## Problem to solve
Pull out of the data below the stretch of lines bounded by the one containing "Jinxed Idol" and the one containing "2015 Toyota Tacoma Double cab", both bounds included, unchanged.

## Records for this task
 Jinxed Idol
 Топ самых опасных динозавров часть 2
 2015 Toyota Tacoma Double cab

...

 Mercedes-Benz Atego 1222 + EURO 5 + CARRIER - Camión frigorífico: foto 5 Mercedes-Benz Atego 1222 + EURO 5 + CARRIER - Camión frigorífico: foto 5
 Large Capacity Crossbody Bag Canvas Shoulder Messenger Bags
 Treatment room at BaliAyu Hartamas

## Reply
 Jinxed Idol
 Топ самых опасных динозавров часть 2
 2015 Toyota Tacoma Double cab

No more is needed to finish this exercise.